● **Task to carry out**
Please transcribe the data below in full. Omit any picture you find in it.

[Items from a data source]
((

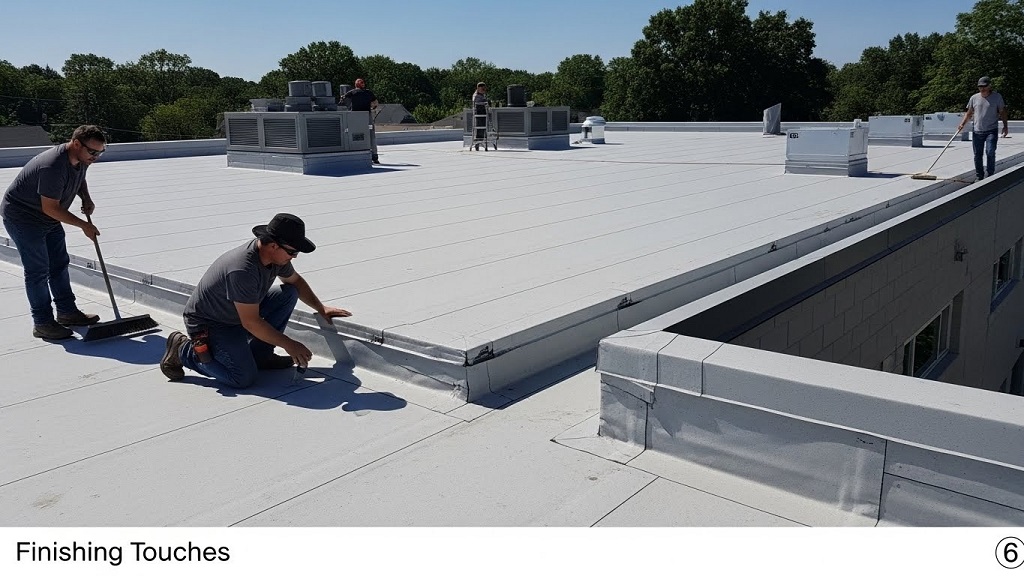 How is insulation installed in a flat roof replacement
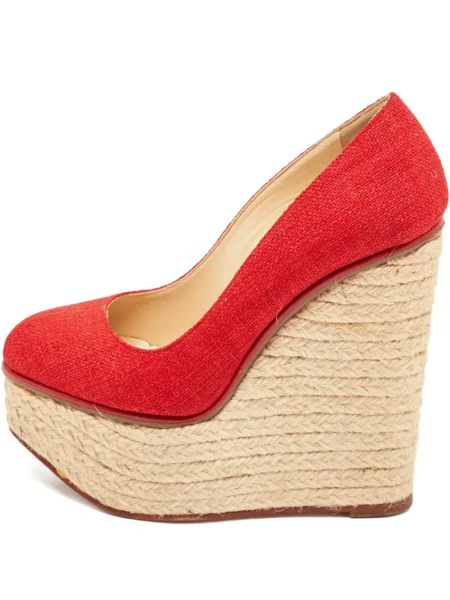 Pantofi cu toc Charlotte Olympia cu pană roșu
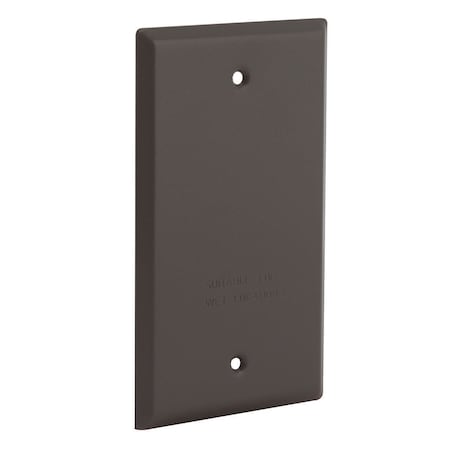 1 -Gang Vertical Blank Weatherproof Cover, 2.781 W, 4.531 H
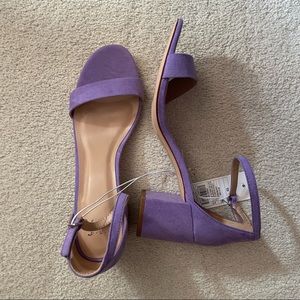 Purple Chunky Heels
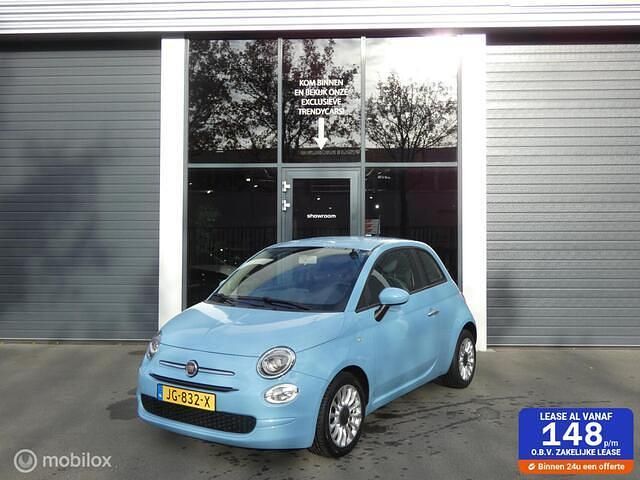 Blauw Gebruikt 2016 Fiat 500 Pop Star Hatchback | € 8.995 (Iets duurder) - Afbeelding 1/4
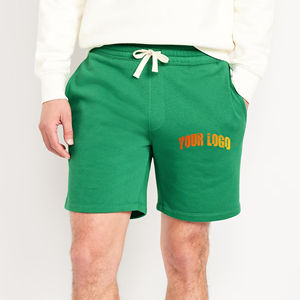 Nouveau court à la mode pour hommes tissu polaire de coton lourd couleur unie avec poches latérales shorts pour hommes lourds imprimés personnalisés - Product Image 1
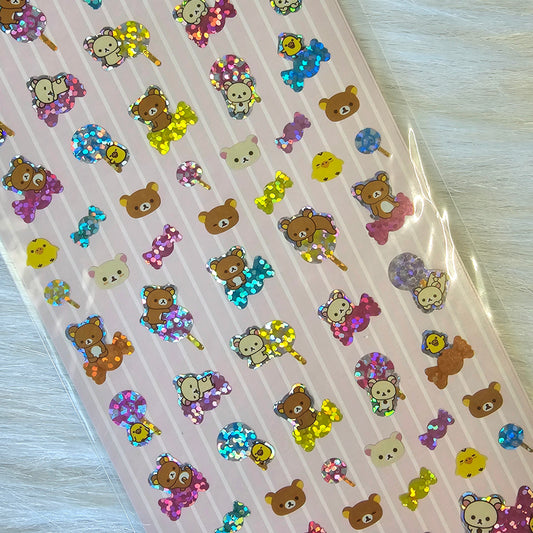 Retro San-x Rilakkuma Stickers Sticker Sheet Kawaii Japan Collectible Gifts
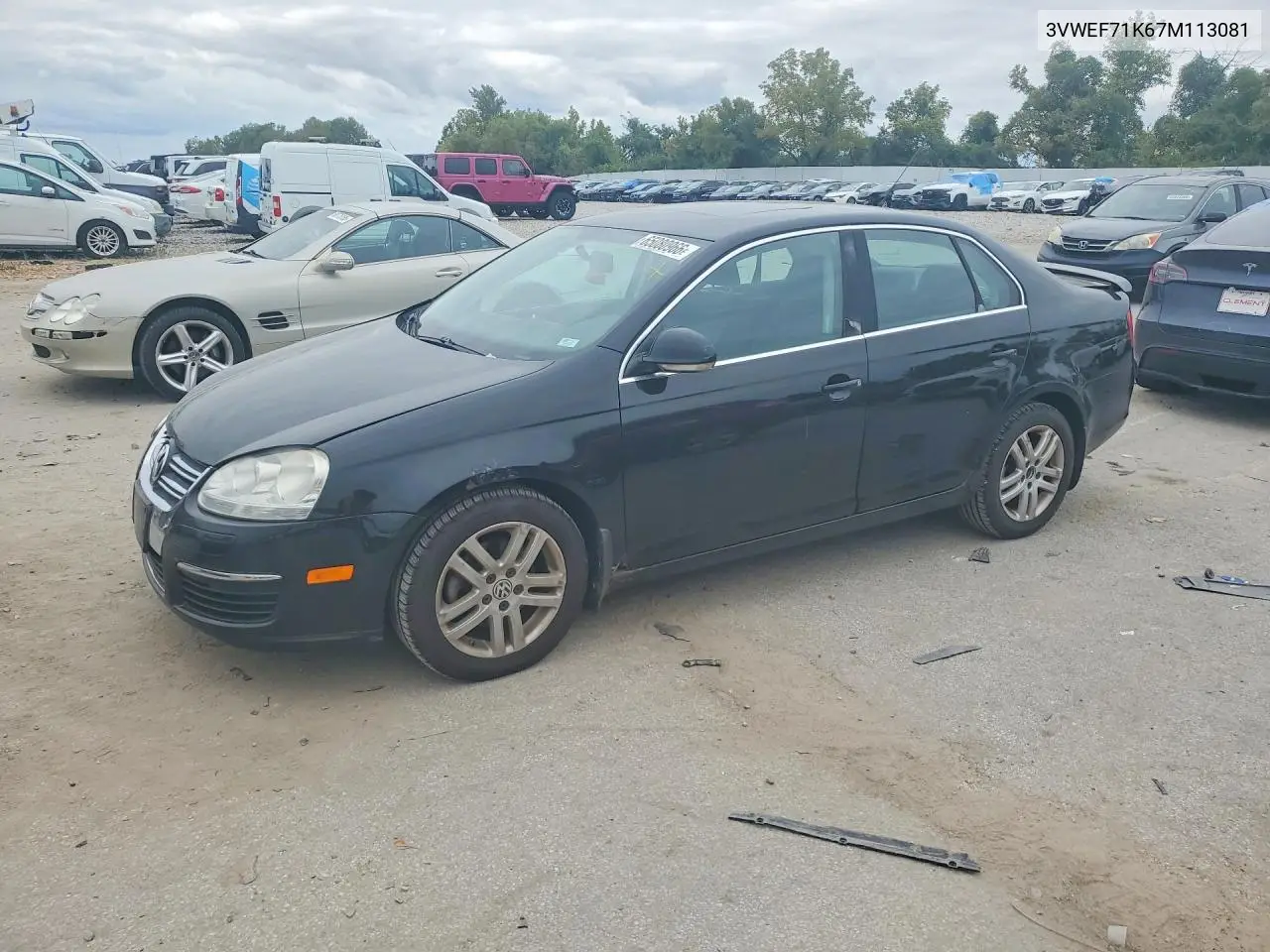 VOLKSWAGEN JETTA 2007, VIN 3VWEF71K67M113081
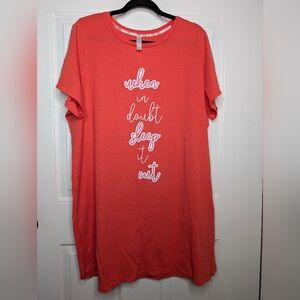 Cacique Red Sleepwear Top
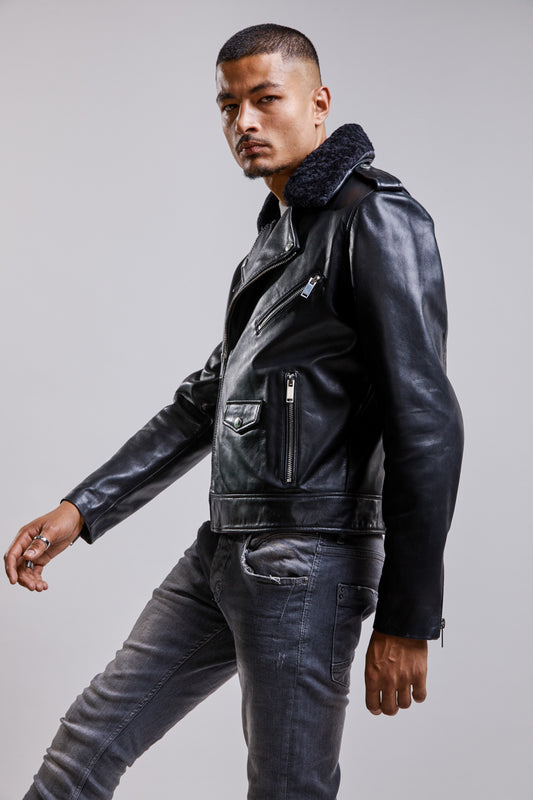 Veste en cuir LOWER EAGLE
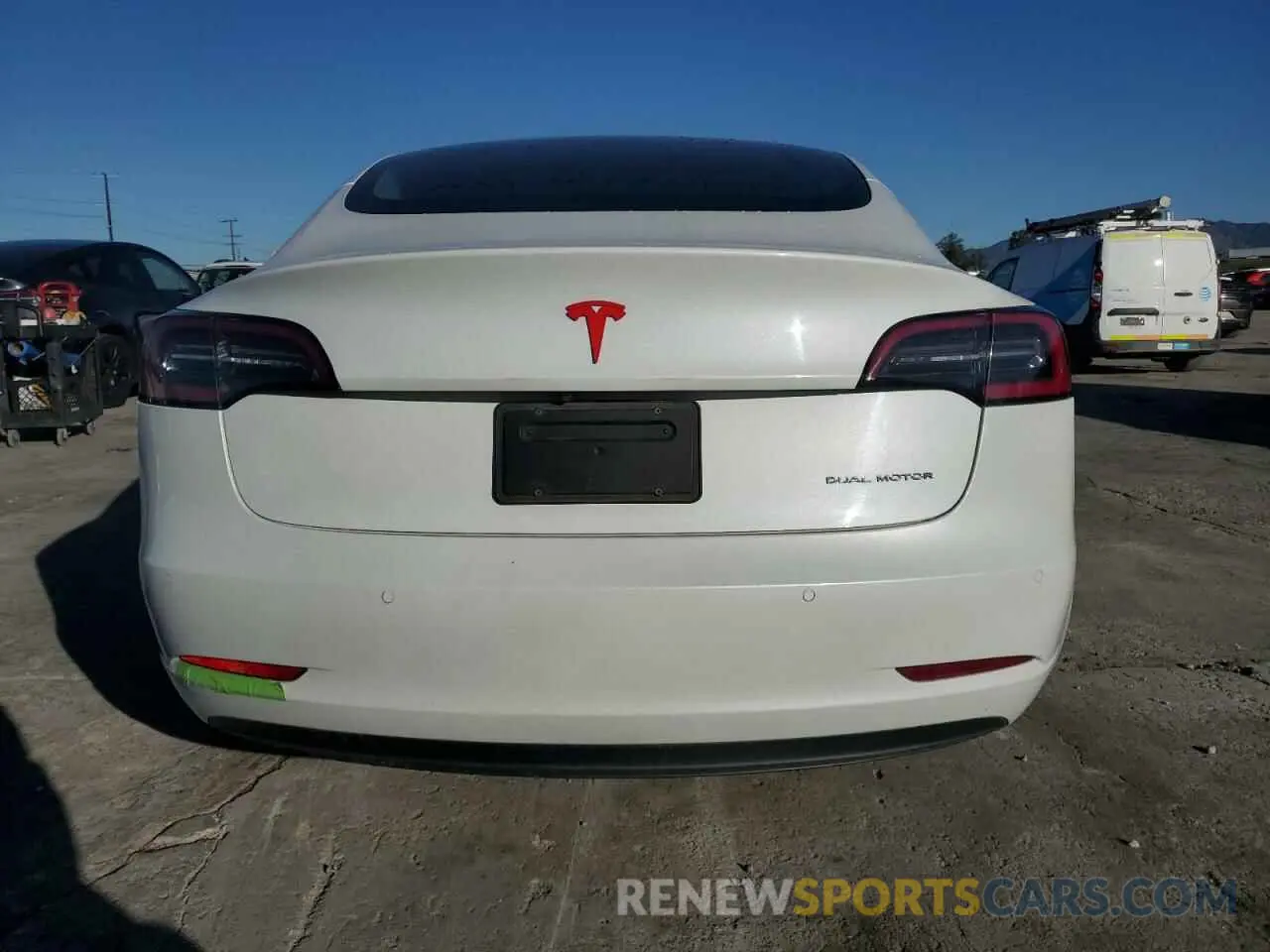 6 fotografías del automóvil dañado 5YJ3E1EB0LF665887 TESLA MODEL 3 2020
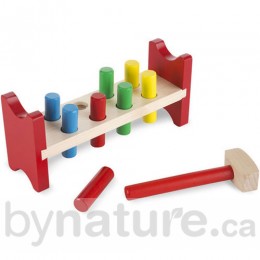 Wooden Pound-a-Peg Classic Toy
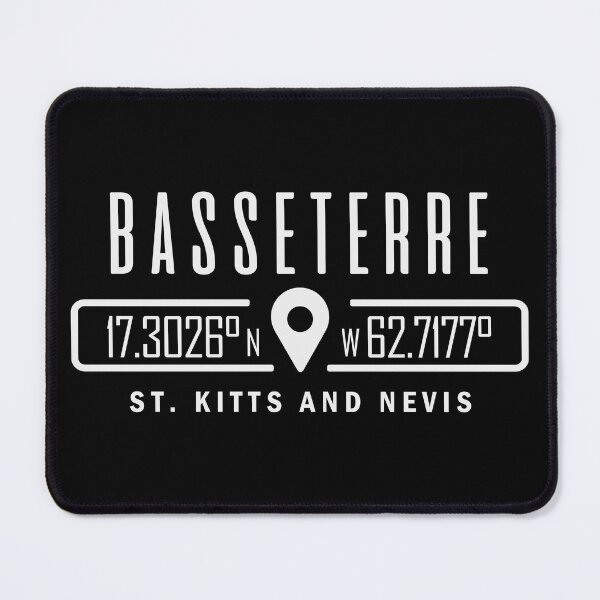 Item preview, Basseterre St Kitts and Nevis GPS Location Coordinates designed and sold by IdentiTee Studios.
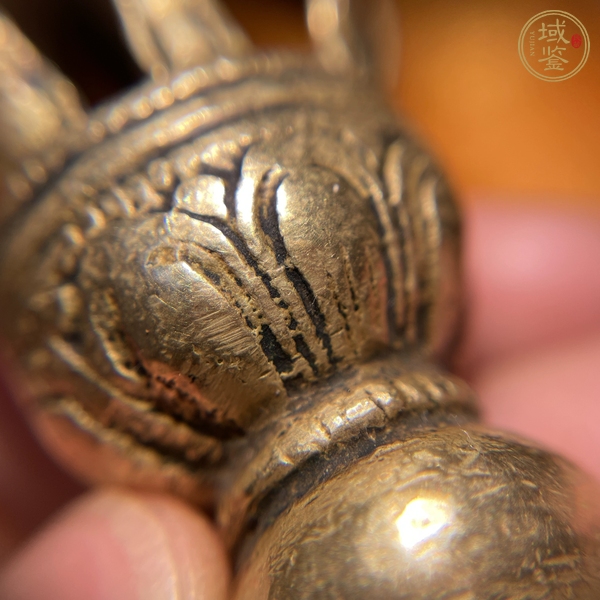 古玩銅器金剛杵真品鑒賞圖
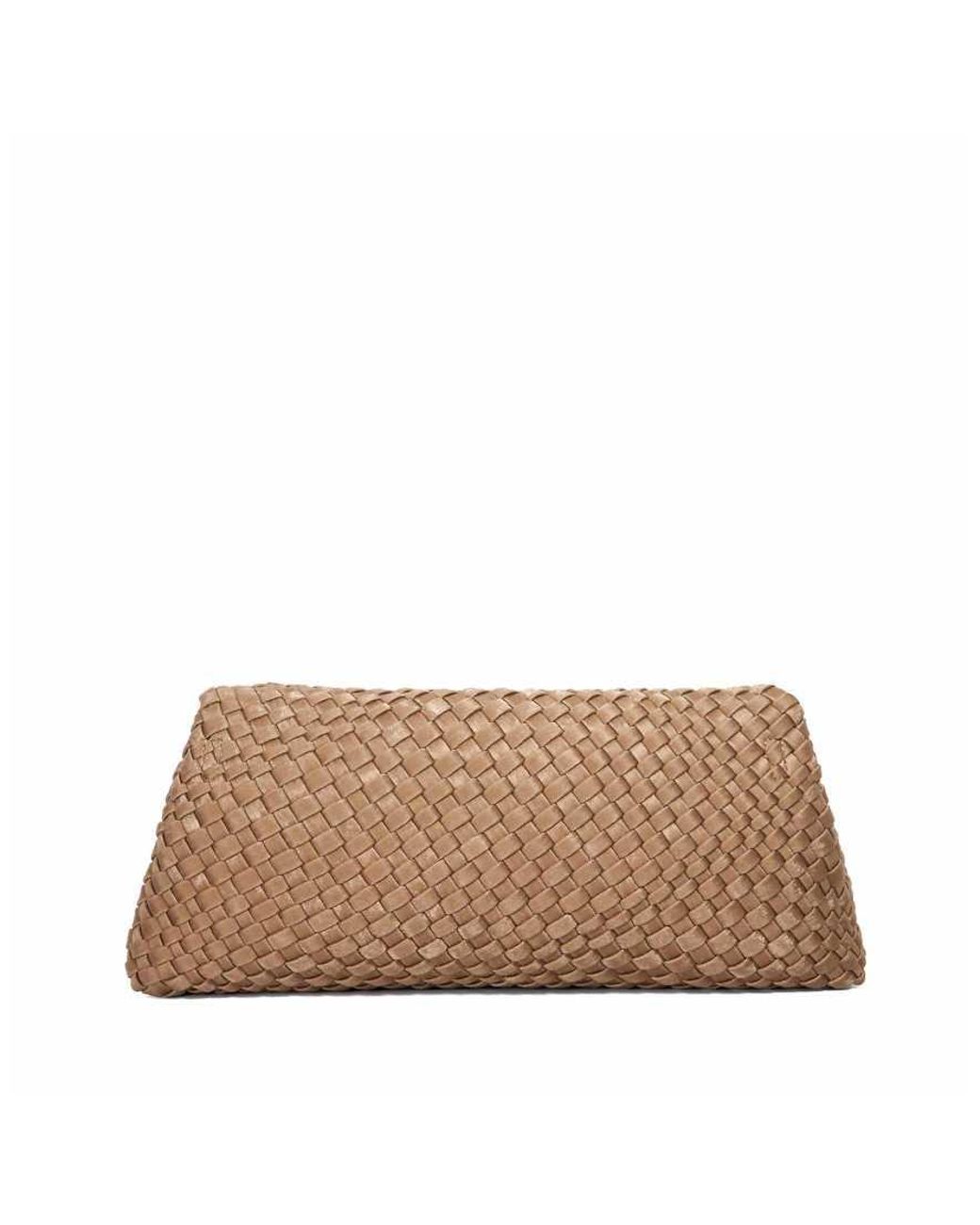 Dune Brown Encourage Clutch Bag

))

● **Reply**
 How is insulation installed in a flat roof replacement
 Pantofi cu toc Charlotte Olympia cu pană roșu
 1 -Gang Vertical Blank Weatherproof Cover, 2.781 W, 4.531 H
 Purple Chunky Heels
 Blauw Gebruikt 2016 Fiat 500 Pop Star Hatchback | € 8.995 (Iets duurder) - Afbeelding 1/4
 Nouveau court à la mode pour hommes tissu polaire de coton lourd couleur unie avec poches latérales shorts pour hommes lourds imprimés personnalisés - Product Image 1
 Retro San-x Rilakkuma Stickers Sticker Sheet Kawaii Japan Collectible Gifts
 VOLKSWAGEN JETTA 2007, VIN 3VWEF71K67M113081
 Cacique Red Sleepwear Top
 Veste en cuir LOWER EAGLE
 6 fotografías del automóvil dañado 5YJ3E1EB0LF665887 TESLA MODEL 3 2020
 Wooden Pound-a-Peg Classic Toy
 Item preview, Basseterre St Kitts and Nevis GPS Location Coordinates designed and sold by IdentiTee Studios.
 古玩銅器金剛杵真品鑒賞圖
 Dune Brown Encourage Clutch Bag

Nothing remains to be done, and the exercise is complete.